Pictures with short captions
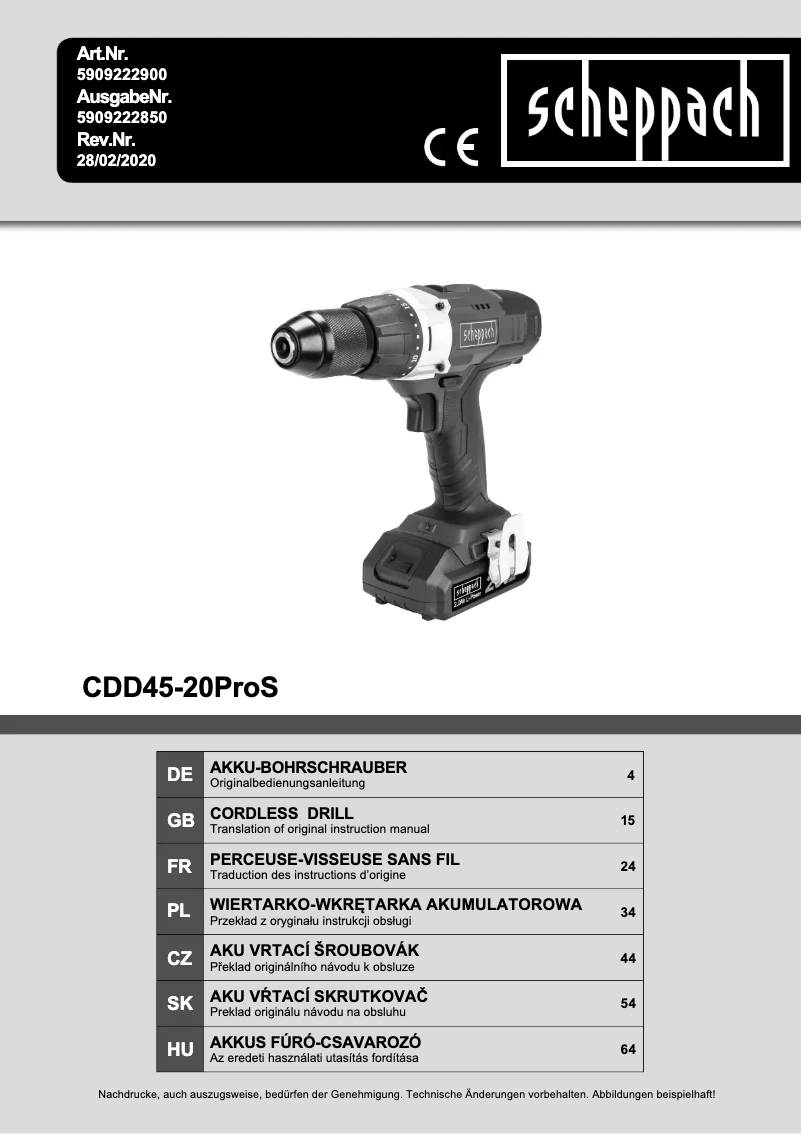 Page n°1 - Manuel utilisateur Scheppach CDD45-20ProS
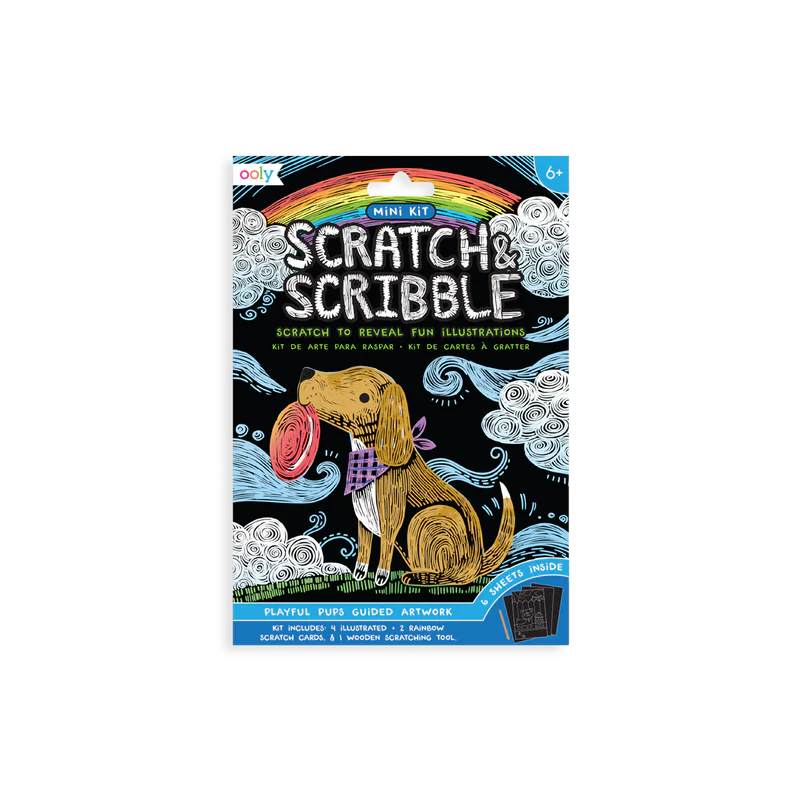 Playful Pups Scratch and Scribble Mini Scratch Art Kit | OOLY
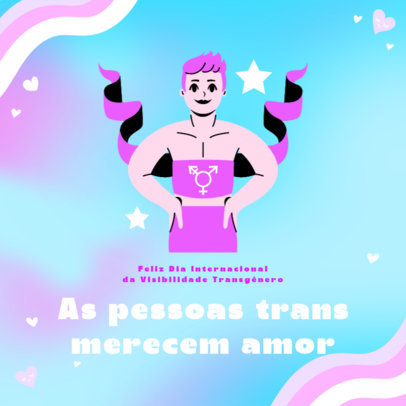 Instagram Post Maker for International Transgender Visibility Day with an Illustrated Character 
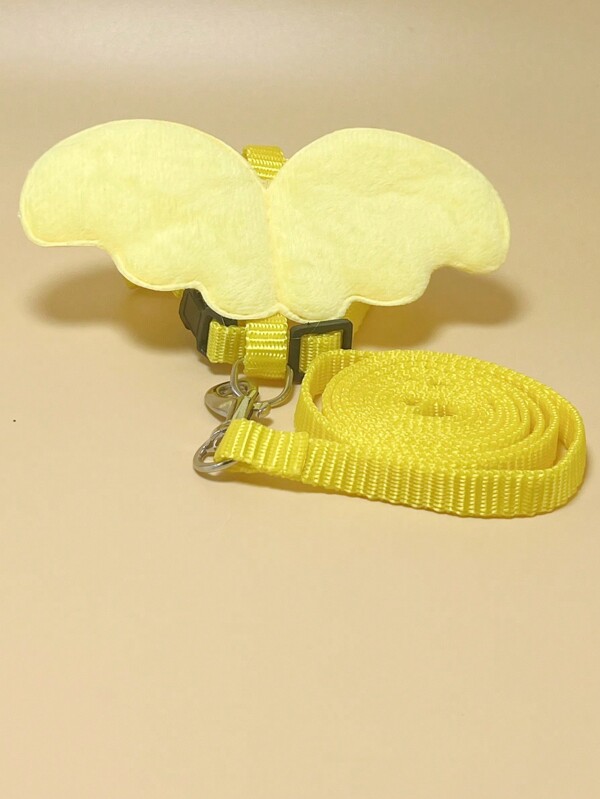 1pc Angel Wing Decor Chest & Back Traction Rope Cat Leash, Letter Shaped Pet Leash For Dog And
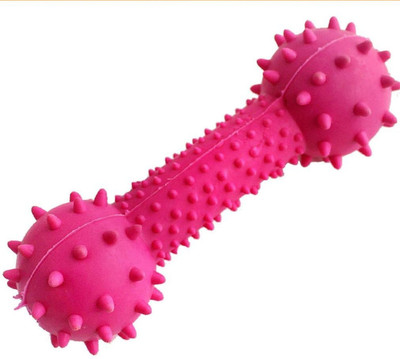 

SRI High Quality Natural Rubber Colorful Dumbbell with Bell Puppy Fetch Chew Teeth Cleaning Size Small Rubber Chew Toy For Dog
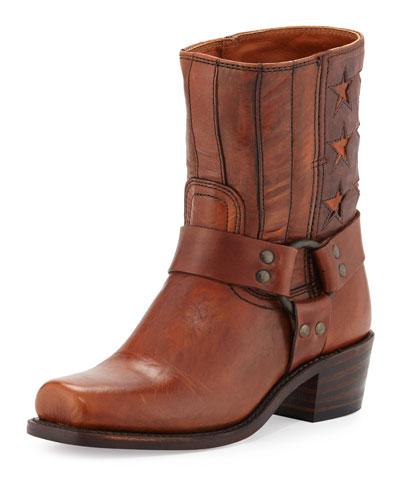 Harness Americana Star Leather Boot, Tan
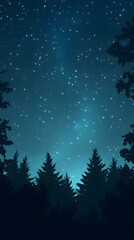 Fototapeta premium Silhouetted Forest Under Bright Milky Way Galaxy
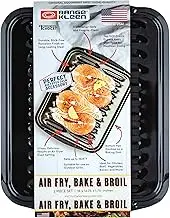 Range Kleen Range Kleen Broiler Pans for Ovens - BP102X 2 Pc Black Porcelain Coated Steel Oven Broiler Pan with Rack 16 x 12.5 x 1.6 Inches (Black), BP102X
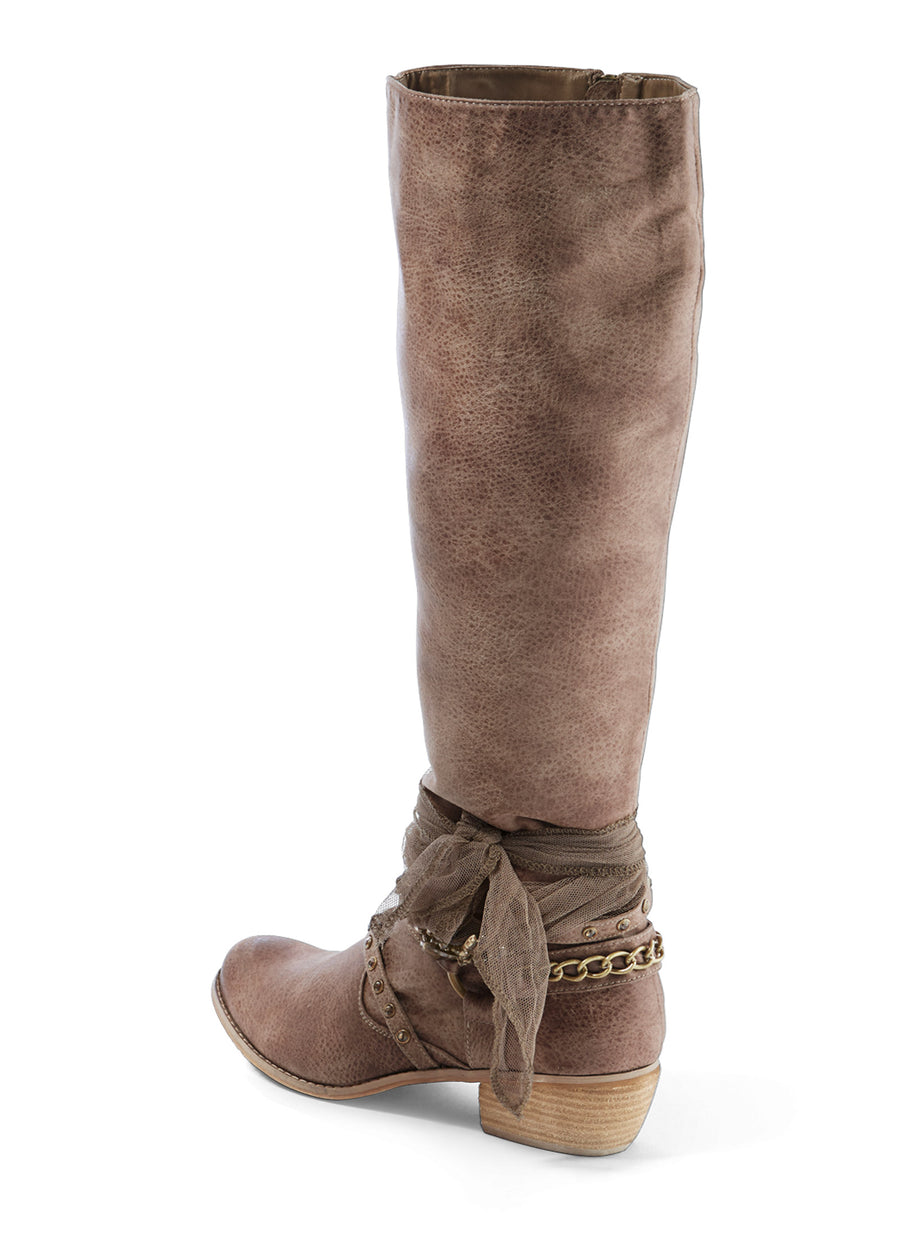 Embellished Western Boots - Taupe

-- WHAT IS NEEDED --
Output, line for line and exactly, the records above from their first line through the one with "Fototapeta premium Silhouetted", both ends included, but no pictures.

-- REPLY TO THE EXERCISE --
 Page n°1 - Manuel utilisateur Scheppach CDD45-20ProS
 Playful Pups Scratch and Scribble Mini Scratch Art Kit | OOLY
 Instagram Post Maker for International Transgender Visibility Day with an Illustrated Character 
 1pc Angel Wing Decor Chest & Back Traction Rope Cat Leash, Letter Shaped Pet Leash For Dog And

SRI High Quality Natural Rubber Colorful Dumbbell with Bell Puppy Fetch Chew Teeth Cleaning Size Small Rubber Chew Toy For Dog
 Harness Americana Star Leather Boot, Tan
 Fototapeta premium Silhouetted Forest Under Bright Milky Way Galaxy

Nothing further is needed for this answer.